In particular embodiments, the administration of the Salmonella typhi Ty21a strain encoding at least one polypeptide comprising five or more neoantigens is combined with the administration of the attenuated strains of Salmonella encoding a tumor antigen or tumor stroma antigen selected from WT1, MSLN, CEA, CMV pp65, PD-L1, VEGFR-2 and FAP and one checkpoint inhibitor.


In particular embodiments, the treatment may also be accompanied by chemotherapy or radiotherapy. For cure of cancer, complete eradication of cancer stem cells may be essential. For maximal efficacy, a combination of different therapy approaches may therefore be beneficial.


Chemotherapeutic agents that may be used in combination with the Salmonella typhi Ty21a strain of the present invention may be, for example: gemcitabine, amifostine (ethyol), cabazitaxel, cisplatin, dacarbazine (DTIC), dactinomycin, docetaxel, mechlorethamine, streptozocin, cyclophosphamide, carrnustine (BCNU), lomustine (CCNU), doxorubicin (adriamycin), doxorubicin lipo (doxil), folinic acid, gemcitabine (gemzar), daunorubicin, daunorubicin lipo (daunoxome), procarbazine, ketokonazole, mitomycin, cytarabine, etoposide, methotrexate, 5-fluorouracil (5-FU), vinblastine, vincristine, bleomycin, paclitaxel (taxol), docetaxel (taxotere), aldesleukin, asparaginase, busulfan, carboplatin, cladribine, camptothecin, CPT-11, 10-hydroxy-7-ethyl-camptothecin (SN38), dacarbazine, floxuridine, fludarabine, hydroxyurea, ifosfamide, idarubicin, mesna, interferon alpha, interferon beta, irinotecan, mitoxantrone, topotecan, leuprolide, megestrol, melphalan, mercaptopurine, oxaliplatin, plicamycin, mitotane, pegaspargase, pentostatin, pipobroman, plicamycin, streptozocin, tamoxifen, teniposide, testolactone, thioguanine, thiotepa, uracil mustard, vinorelbine, chlorambucil and combinations thereof.


Most preferred chemotherapeutic agents according to the invention are cabazitaxel, carboplatin, oxaliplatin, cisplatin, cyclophosphamide, docetaxel, gemcitabine, doxorubicin, paclitaxel (taxol), irinotecan, vincristine, vinblastine, vinorelbin, folinic acid, 5-fluorouracil and bleomycin, especially gemcitabine.

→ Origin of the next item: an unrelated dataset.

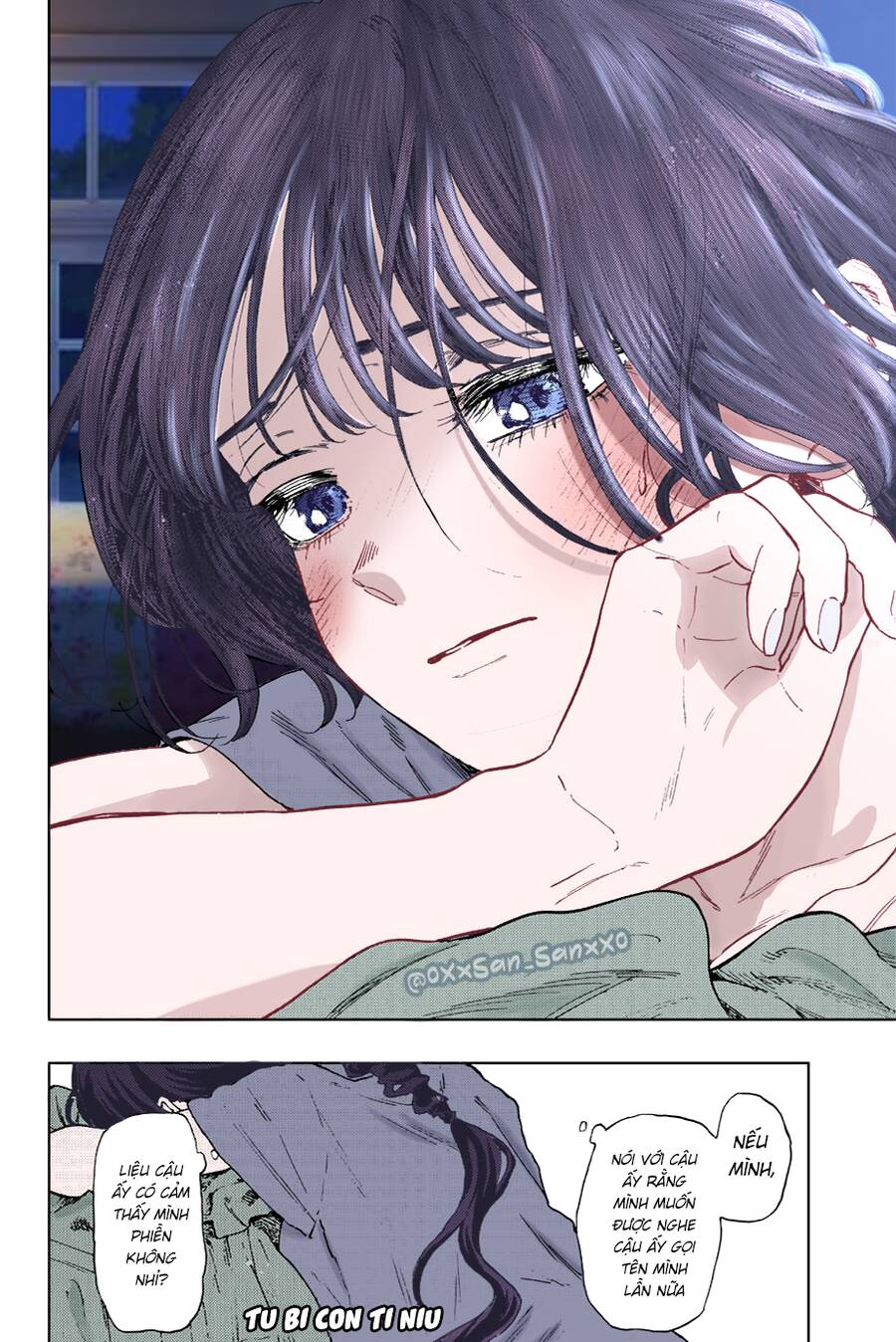 the fragrant flower blooms with dignity - kaoru hana wa rin to saku chapter 57 27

Particularly, the Salmonella typhi Ty21a strain is administered before or during the chemotherapy or the radiotherapy treatment. In other particular embodiments, the Salmonella typhi Ty21a strain is administered before and during the chemotherapy or the radiotherapy treatment.



Salmonella typhi Ty21a


Attenuated strains of Salmonella, particularly of the species Salmonella enterica, are attractive vehicles for the delivery of heterologous antigens to the mammalian immune system, since S. enterica strains can potentially be delivered via mucosal routes of immunization, i.e. orally or nasally, which offers advantages of simplicity and safety compared to parenteral administration. Furthermore, Salmonella strains elicit strong humoral and cellular immune responses at the level of both systemic and mucosal compartments. Batch preparation costs are low and formulations of live bacterial vaccines are highly stable. Attenuation can be accomplished by deletion of various genes, including virulence, regulatory, and metabolic genes.

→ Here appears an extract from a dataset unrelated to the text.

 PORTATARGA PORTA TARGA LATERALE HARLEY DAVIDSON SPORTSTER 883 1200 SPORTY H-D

Several Salmonella typhimurium strains attenuated by aro mutations have been shown to be safe and effective delivery vehicles for heterologous antigens in animal models.

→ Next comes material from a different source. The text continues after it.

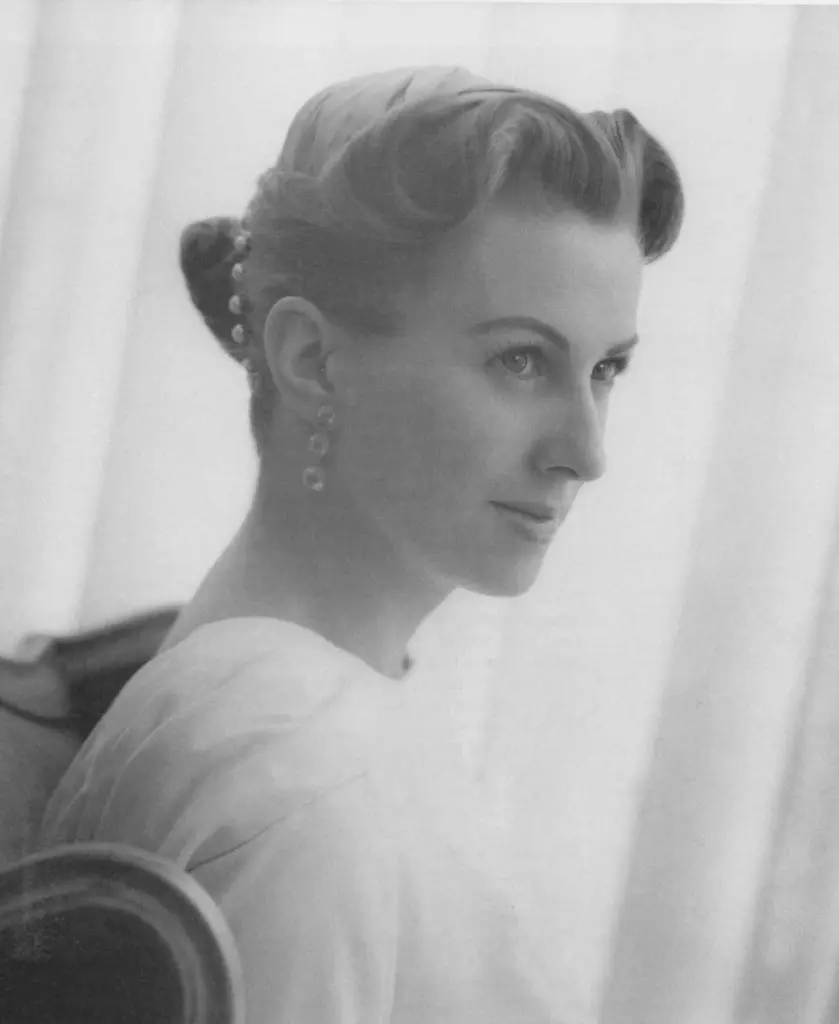 Mrs. Marylou Whitney, courtesy of Sotheby's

According to the invention, the attenuated strain of Salmonella is Salmonelly enterica serovar typhi strain Ty21a, also referred to as Salmonella typhi Ty21a. The live, attenuated S. typhi Ty21a strain is the active component of Typhoral L®, also known as Vivotif® (manufactured by Berna Biotech Ltd., a Crucell Company, Switzerland). It is currently the only licensed live oral vaccine against typhoid fever. This vaccine has been extensively tested and has proved to be safe regarding patient toxicity as well as transmission to third parties (Wandan et al., J. Infectious Diseases 1982, 145:292-295). The vaccine is licensed in more than 40 countries and has been used in millions of individuals including thousands of children for prophylactic vaccination against typhoid fever. It has an unparalleled safety track record. There is no data available indicating that S. typhi Ty21a is able to enter the bloodstream systemically. The live attenuated Salmonella typhi Ty21a vaccine strain thus allows specific targeting of the immune system in the gut, while being safe and well-tolerated. The Marketing Authorization number of Typhoral Le is PL 15747/0001 dated 16 Dec. 1996. One dose of vaccine contains at least 2×109 viable S. typhi Ty21a colony forming units and at least 5×109 non-viable S. typhi Ty21a cells.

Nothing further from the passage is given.